Your instructions – Once you find the line below that has "Palet De Hockey Pharaon Synthwave (Devant)", output it and every line after it exactly, stopping after the line that has "Denim Hem Sweater Jacket", with no pictures.

Dataset content –
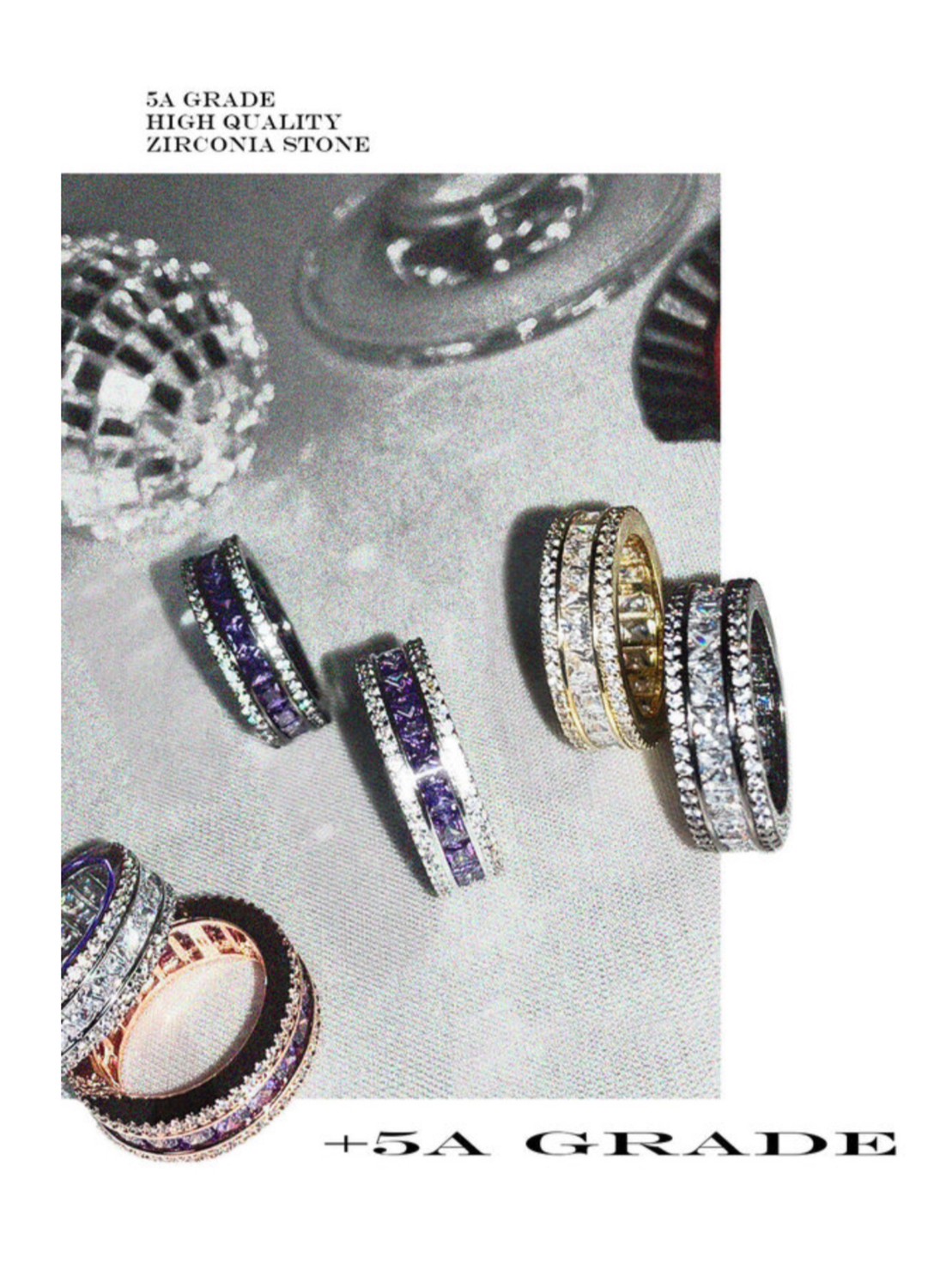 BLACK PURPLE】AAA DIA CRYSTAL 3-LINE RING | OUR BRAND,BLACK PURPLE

* * *

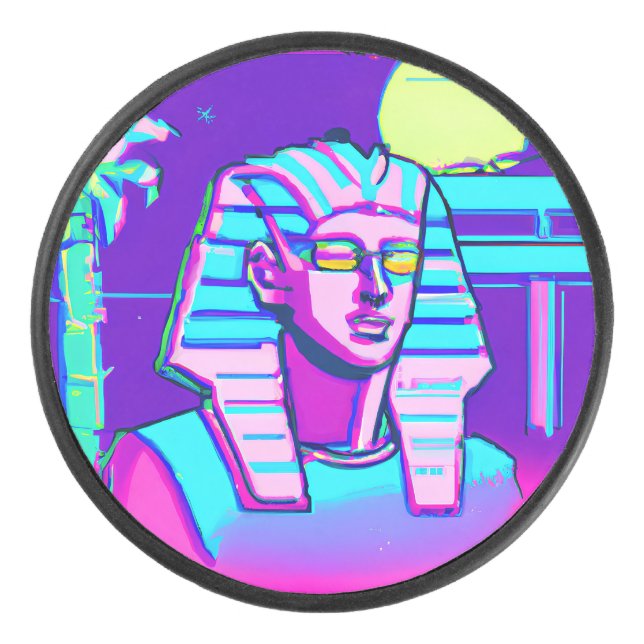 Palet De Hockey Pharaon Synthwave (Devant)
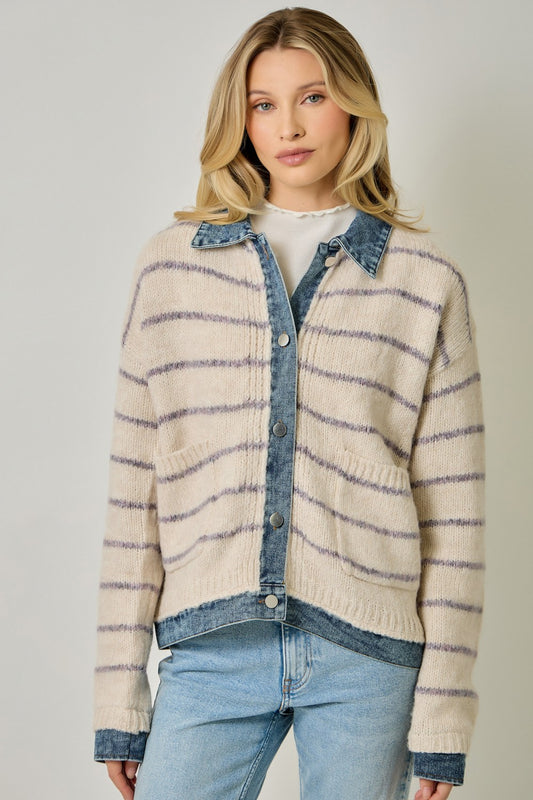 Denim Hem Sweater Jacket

* * *

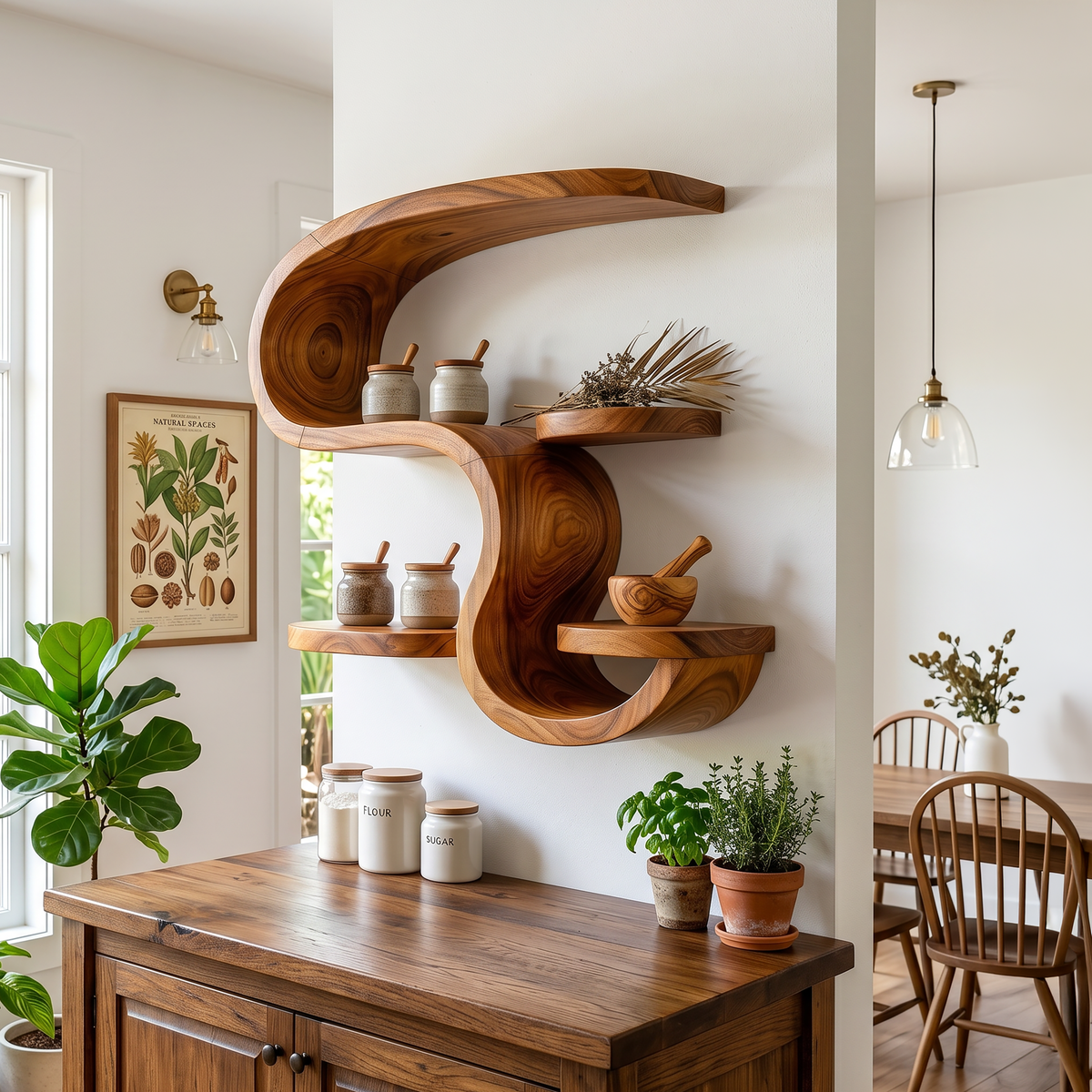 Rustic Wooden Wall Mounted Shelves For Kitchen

Task answer –
 Palet De Hockey Pharaon Synthwave (Devant)
 Denim Hem Sweater Jacket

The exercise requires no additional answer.